• [WHAT IS BEING ASKED]
Take the line that contains "Invitations En Acrylique" and every line below it to the end of the entries, and give them again exactly, leaving out any pictures.

************

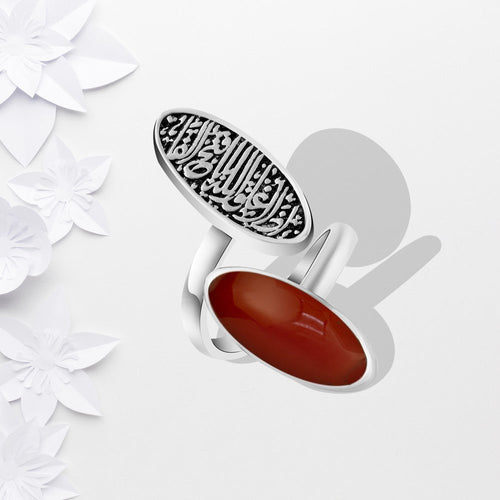 Inspirational Arabic Silver Ring - 925 sterling Silver - Brown - Rings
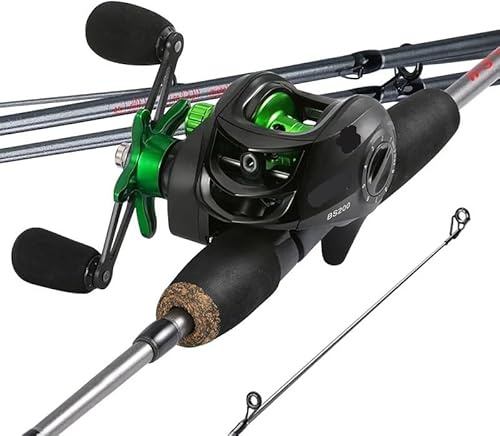 ZWCSHUU Canna da Pesca combinata 1,7 m Canna da Casting in Fibra di Carbonio e Mulinello da baitcasting Max Drag 8 kg for spigole Set Combinato di Canna(1.7m And Left Hand,Green)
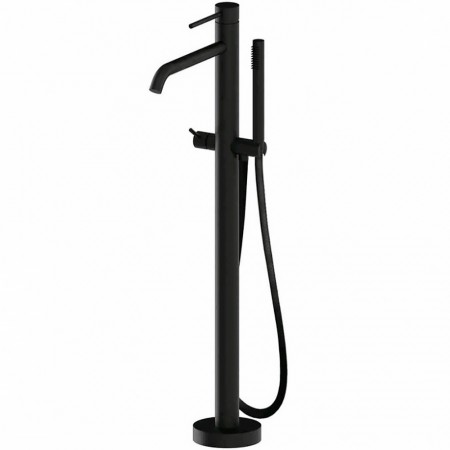 LIG 032 NO LIGHT Змішувач ванни з підлоги, з ручним душем, чорн.мат (1 сорт) Paffoni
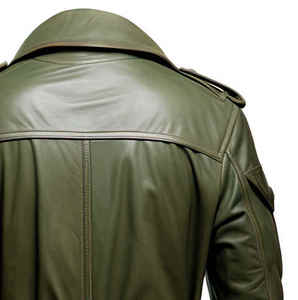 Manteau trench pour homme en cuir de vache vert olive, écologique, respirant, classique, multi-poches, mi-long, ceinturé, sur mesure - Product Image 4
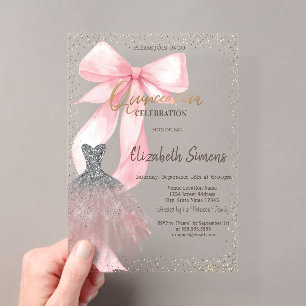 Invitations En Acrylique Robe Confetti,Nœud Rose Rayé 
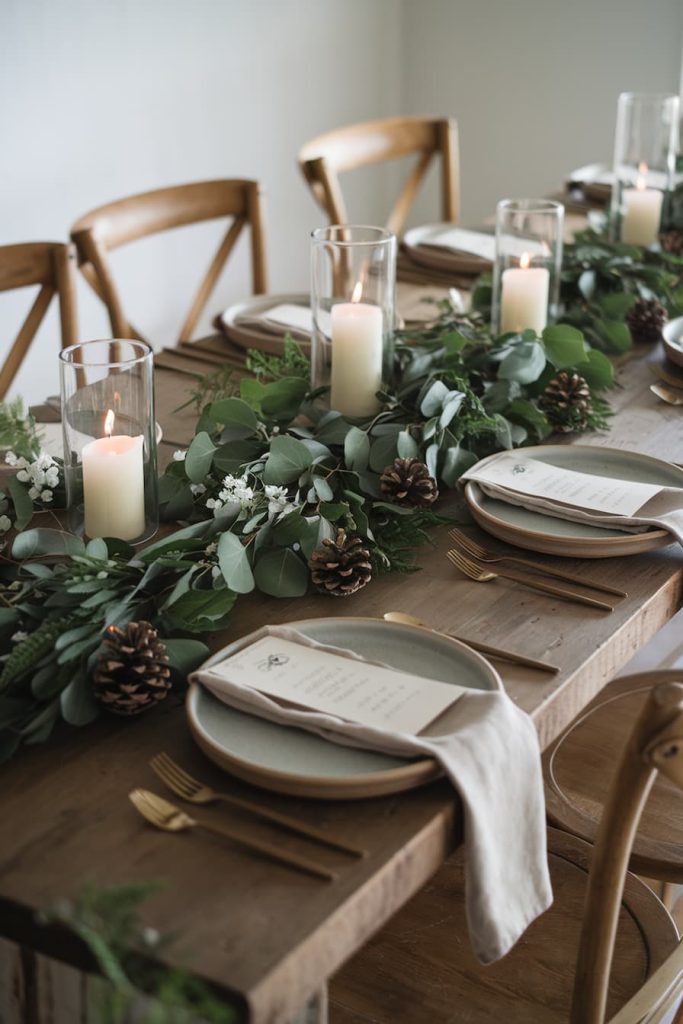 A dining table with plates, white napkins, gold cutlery and menus. Decorated with green foliage, pine cones and lit candles in glass holders. Wooden chairs surround the table.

************

• [OUTPUT BELOW]
 Invitations En Acrylique Robe Confetti,Nœud Rose Rayé 
 A dining table with plates, white napkins, gold cutlery and menus. Decorated with green foliage, pine cones and lit candles in glass holders. Wooden chairs surround the table.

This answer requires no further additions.